Updated

They are the pop memorabilia equivalent of a preliminary sketch for the Mona Lisa or the first draft of Hamlet. John Lennon's handwritten lyrics to "A Day in the Life," one of the Beatles’ most celebrated songs, are to be sold at Sotheby’s in New York on June 18.

The sheet of paper is priced at $500,000 to $700,000 but is likely to fetch more than the record $1 million paid for the lyrics to "All You Need is Love" in 2005.

The various crossings out provide a fascinating insight into Lennon’s thought process, notably revealing that one of the most poignant lines he ever wrote was an afterthought.

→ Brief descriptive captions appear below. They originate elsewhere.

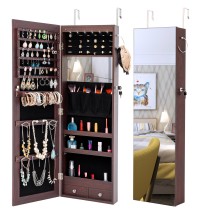 Fashion Simple Jewelry Storage Mirror Cabinet With LED Lights Can Be Hung On The Door Or Wall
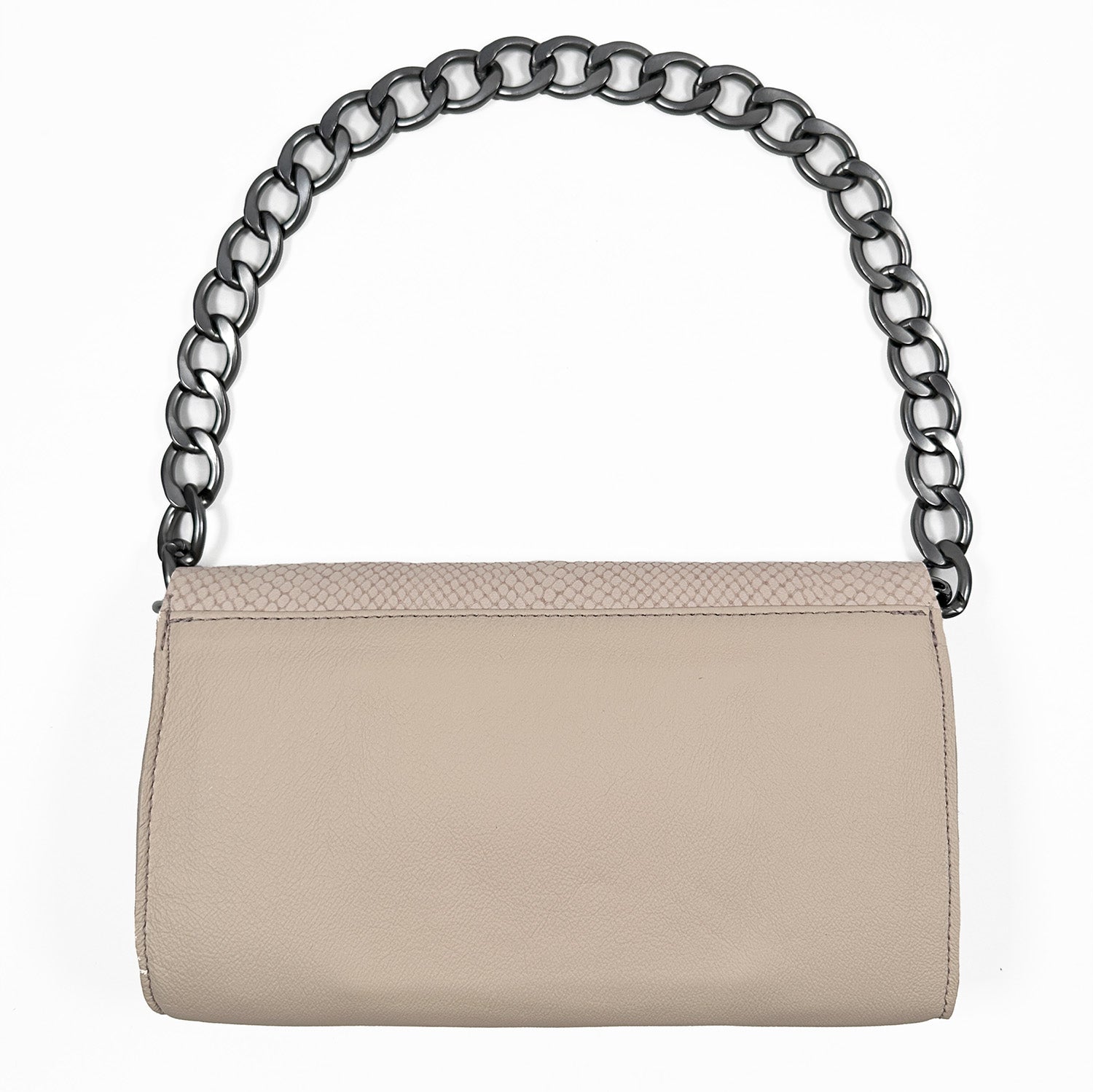 Backside of powder hued leather baguette clutch with gunmetal colored large link shoulder chain on white background.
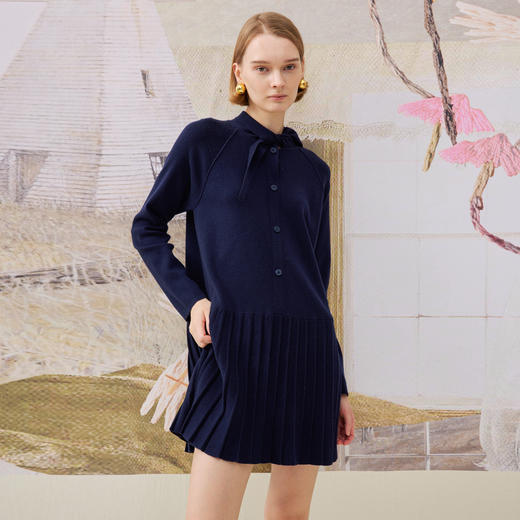 谜底针织连衣裙长袖2025年冬季新品学院风修身百褶裙女254MZ1874 商品图1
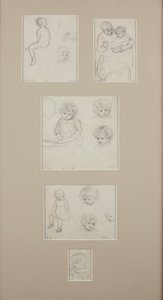ヘンリー・アリンガムのスケッチ、1884年頃（紙に鉛筆 作： Helen Allingham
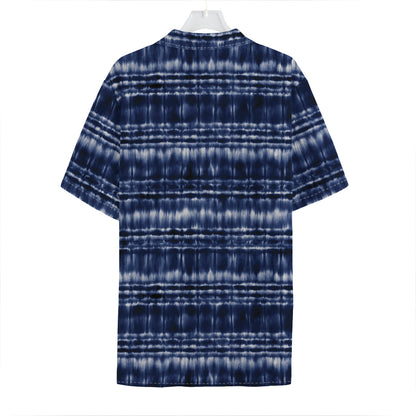 Indigo Dye Shibori Print Hawaiian Shirt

"A Day in the Life" is the final track on the group’s eighth album, "Sgt. Pepper's Lonely Heart's Club Band." According to Philip Norman, the author of "John Lennon: The Life," it is his masterpiece. Ian MacDonald, the author of "Revolutions in the Head," a song-by-song critique of the group, describes it as the "peak of the Beatles' achievement . . . among the most penetrating and innovative artistic reflections of its era."

When he wrote "A Day in the Life" in Jan. 1967, Lennon had been a Beatle for seven years and was exhausted, bored and fed up. The song was a cry of despair, Norman said. "At this point he is feeling imprisoned by the Beatles and wants to get out but does not know where to go."